――『雛乃ー!』
放課後。
私の席にやってきたのは華ちゃん。後ろに久松くんもいる。
『今日、私は宏太と帰るけど…、』
「あ、うん。大丈夫だよ。」
昼休みは5限目が始まるギリギリにしか教室に帰れなくて華ちゃんとは話せなかったけど、授業の合間の10分休みにちゃんと話したから、華ちゃんはとてもニコニコだ。
自分のことのように喜んでくれる華ちゃんに、私はとても感謝の気持ちでいっぱいだった。
華ちゃんがいなければ、私はずっと高遠くんを遠くから見ているだけで、こんなふうに高遠くんと付き合うことも、仲良くなることだってできなかったはずだから。
「高遠くんと勉強して帰るから。
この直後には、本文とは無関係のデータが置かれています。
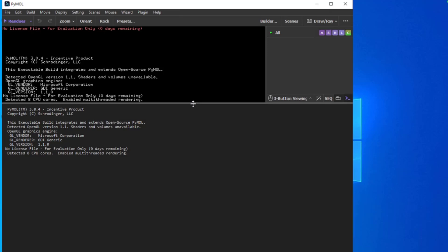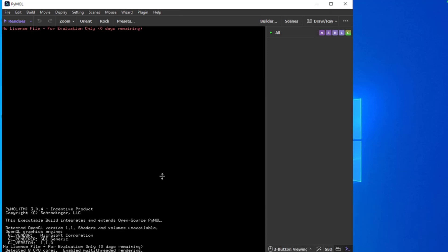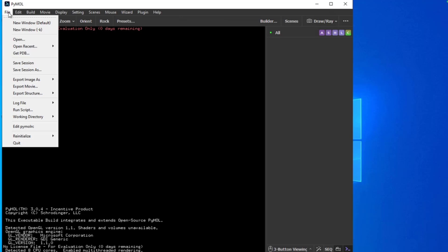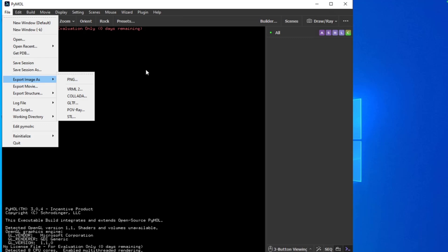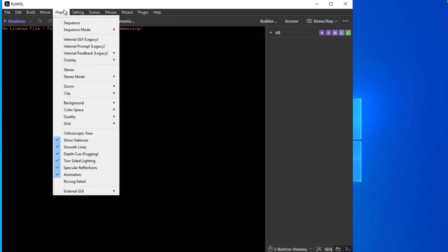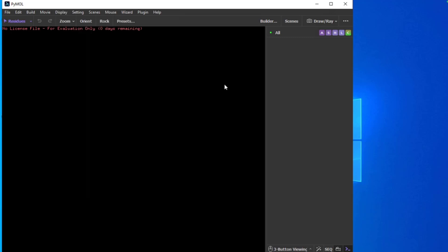Clicking on it opens PyMOL, and you can see it has the same interface as on Mac. You can go to File > Get PDB, save a session, export an image after analysis, or import files. Under Display you can change settings and configure the view however you like. Protein cleaning before docking studies can also be done here.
」
『ふ~ん…嬉しそうじゃない?雛乃~!』
「えっ!?そ、そうかな…っ?」
悪ノリしている華ちゃんと一緒にうんうんと頷く久松くんから、視線を逸らす。
そんなにからかわないでほしい。
昼休みも高遠くんにからかわれたばかりなんだから。
『あんま雛乃をいじめないでくれる?』
「っ…高遠くん!」
突如ポン…ッと頭に軽く乗っかった大きな手に反応して後ろを振り返ると、そこには鞄を持った高遠くん。